SUPREME COURT OF QUEENSLAND

 

PARTIES:

FILE NO/S:

Trial Division

PROCEEDING:

Application

ORIGINATING COURT:

DELIVERED ON:

21 June 2011

DELIVERED AT:

Brisbane

HEARING DATE:

31 May 2011

JUDGE:

Martin J

ORDER:

That the statutory demand be set aside.

CATCHWORDS:

CORPORATIONS – STATUTORY DEMAND – APPLICATION TO SET ASIDE DEMAND – FOR DEFECT OR SOME OTHER REASON – SUBSTANTIAL INJUSTICE – where the applicant was the tenant and the respondent the registered proprietor and landlord of a property – where the applicant signed a form of lease in 2009 – where the respondent did not sign that lease until 2011 - where the applicant signed the agreement on the basis that a survey plan would be annexed signifying the lease area – where the parties disagreed about the correctness of the survey – where the Court declared a lease to exist – where the respondent subsequently served a statutory demand on the applicant for outstanding rent - whether in the circumstances the statutory demand should be set aside – whether a substantial injustice would be caused unless the demand was set aside

CORPORATIONS – STATUTORY DEMAND – APPLICATION TO SET ASIDE DEMAND – GENUINE DISPUTE AS TO INDEBTEDNESS – where the applicant was the tenant and the respondent the registered proprietor and landlord of a property – where the applicant signed a form of lease in 2009 – where the respondent did not sign that lease until 2011 - where the applicant signed the agreement on the basis that a survey plan would be annexed signifying the lease area – where the parties disagreed about the correctness of the survey – where the Court declared a lease to exist – where the respondent subsequently served a statutory demand on the applicant for outstanding rent - whether in the circumstances the statutory demand should be set aside – whether there is a genuine dispute between the company and the respondent about the existence or amount of debt to which the demand relates

Corporations Act 2001, s 459G, s 459J

Property Law Act 1974, s 130

DTR Nominees Pty Ltd v Mona Homes Pty Ltd (1977-78) 138 CLR 423, considered

Eyota Pty Ltd v Hanave Pty Ltd (1994) 12 ACSR 785, cited

Fortrus Pty Ltd v Barraigh Pty Ltd [2010] QSC 478, cited

Jeppesons Road Pty Ltd v Di Domenico [2005] QCA 391, cited

Mibor Investments Pty Ltd v Commonwealth Bank of Australia (1993) 11 ACSR 362, cited

Re Morris Catering (Aust) Pty Ltd (1993) 11 ACSR 601, cited

Rohalo Pharmaceutical Pty Ltd v RP Scherer SpA & Pharmagel SpA (1994) 50 ACSR 347, cited

Roadshow Entertainment Pty Ltd v CEL Home Video Pty Ltd (1997) 42 NSWLR 462, cited

Spencer Constructions Pty Ltd v G & M Aldridge Pty Ltd (1997) 76 FCR 452, cited

COUNSEL:

M D Evans for the applicant

P W Hackett for the respondent

SOLICITORS:

David K Lawyers for the applicant

H Drakos & Co for the respondent

  1. The application seeks an order under s 459G of the Corporations Act 2001 (“the Act”) setting aside a statutory demand.
  1. The applicant relies on two grounds.
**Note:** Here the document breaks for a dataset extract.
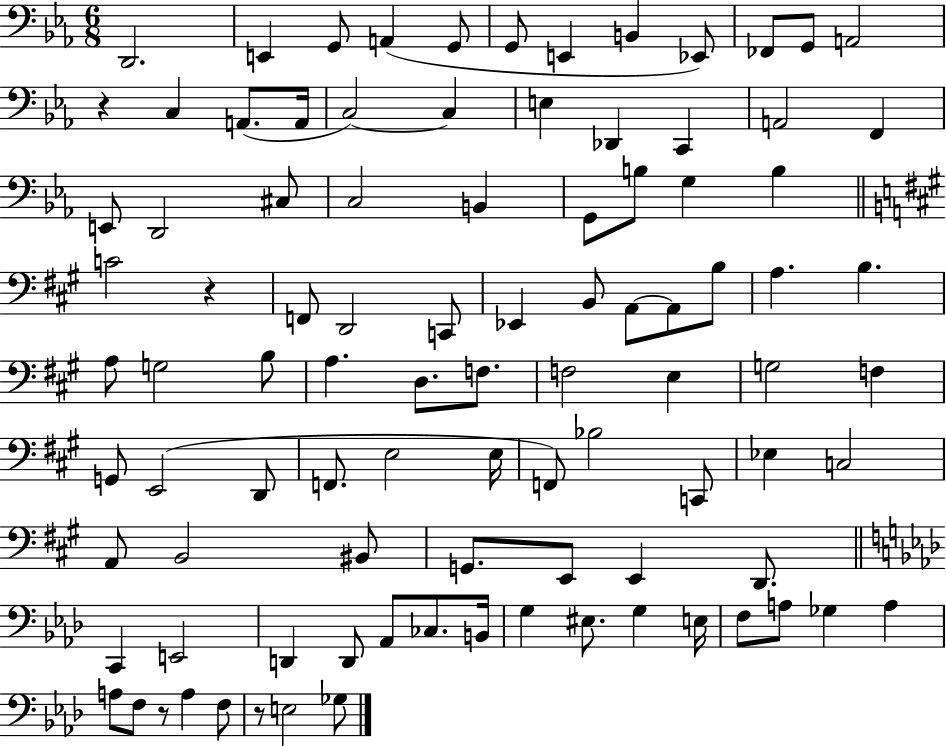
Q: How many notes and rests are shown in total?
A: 95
First, it says that there is a defect in the statutory demand causing a substantial injustice. Secondly, it says that there is a genuine dispute about the existence or the amount of the debt.
  1. At the material times the applicant was the tenant of part of a building at Ipswich Road, Woolloongabba. The respondent was the registered proprietor of the property and the landlord. In March 2009 the parties entered into an agreement to lease the property. On 27 April 2009 the applicant signed a form of lease. The respondent did not sign that lease until 4 April 2011.
  1. When the applicant signed the lease in April 2009, it was on the basis that a survey plan was to be annexed to the lease which would signify the lease area. That plan was received by the respondent’s solicitors in May 2009 and sent to the applicant’s solicitors. The parties disagreed about the correctness of the survey and correspondence ensued between the parties and with the surveyor. An amended survey plan was received by the respondent in March 2010. After that there was a dispute as to whether the rental payable under the lease needed to be amended as a result of the increase in the leased area. That dispute continued through to February 2011.
  1. On 4 March 2011 the applicant gave notice of its intention to terminate the tenancy under the agreement to lease pursuant to s 130 of the Property Law Act 1974 (PLA) on the basis that:
  1. The agreement to lease was said to have been entered into on the basis that the respondent would execute and register a lease for a term of six years; and
  1. The respondent had not so executed the lease or taken reasonable steps to do so, notwithstanding numerous requests.
  1. The applicant asserted that the failure to sign the lease was a breach of the agreement to lease. In the letter in which the applicant gave notice of its intention, it also informed the respondent that it was withholding the rent for March and April 2011 and that it would vacate the premises on 15 April 2011.
  1. The respondent, through its solicitors, disputed the right of the applicant to take the action referred to above and, following further correspondence, the respondent filed an originating application seeking declaratory relief as to the existence of a lease between the parties.
  1. On 31 March 2011 Justice Boddice made the following declaration:

“The Agreement to Lease between the applicant and the second respondent dated 23 and 27 March 2009 and being exhibit ‘F’ to the affidavit of John Sophios is a lease of the premises known as Level 2, 116 Ipswich Road, Woolloongabba in the State of Queensland for a period of 6 years from 1 June 2009 at an initial monthly rental of $9,506.66 plus GST (calculated at the rate of $310/m2 for 368 metres/12 months) as that term is defined in s.123 of the Property Law Act 1974.”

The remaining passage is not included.